Parler au cœur de Jérusalem, c’est justement la mission de Jean le Baptiste, envoyé pour faire revenir les Juifs au cœur, à l’essentiel, aux origines de leur histoire, lorsque le peuple délivré par le Seigneur est entré en terre promise en franchissant le Jourdain. Lorsque nous avons perdu notre route, le mieux à faire est de revenir en arrière jusqu’au carrefour et, de là, de reprendre le bon chemin.
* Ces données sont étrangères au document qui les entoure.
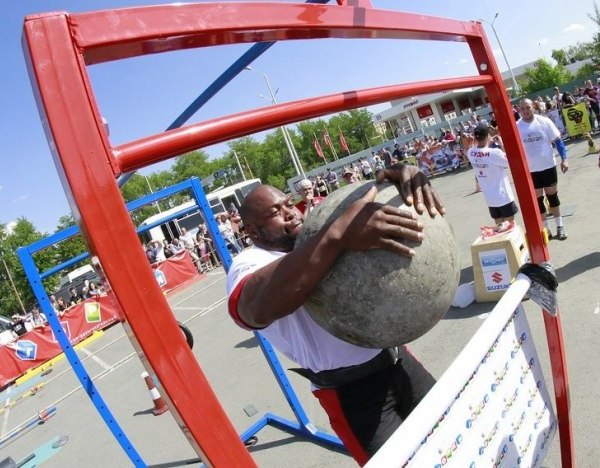 Открытый чемпионат среди мужчин по StrongFit "Кубок "FLEXа"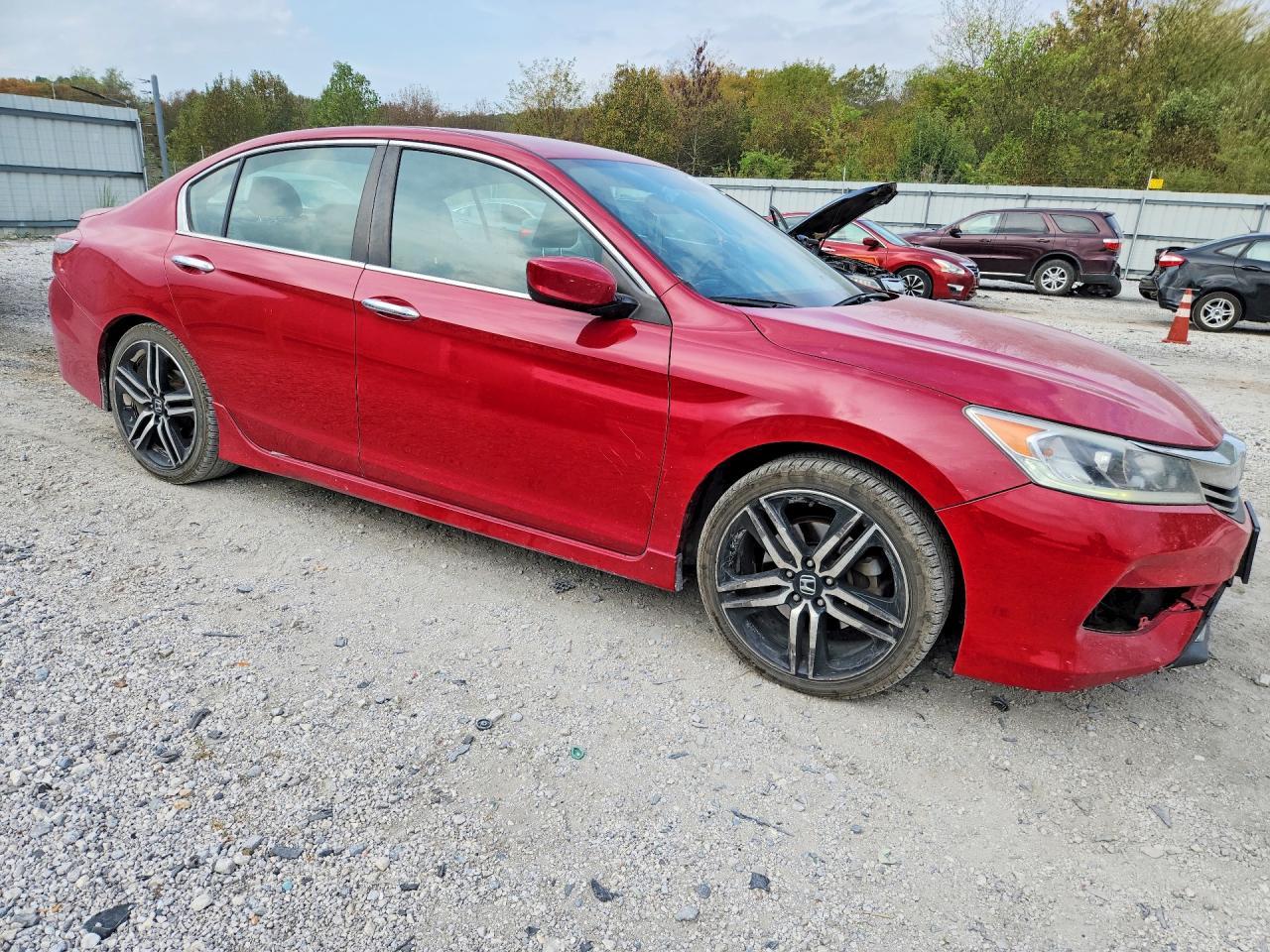 2017 Honda Accord Sport - zdjęcie 4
C’est ce que font les hommes et les femmes qui viennent voir Jean le Baptiste : ils reviennent aux origines, là où tout a commencé, ils traversent à nouveau le Jourdain pour repartir à neuf.

Aujourd’hui encore retentit l’appel de Jean le Baptiste : « Revenons à l’essentiel, revenons à notre cœur ! »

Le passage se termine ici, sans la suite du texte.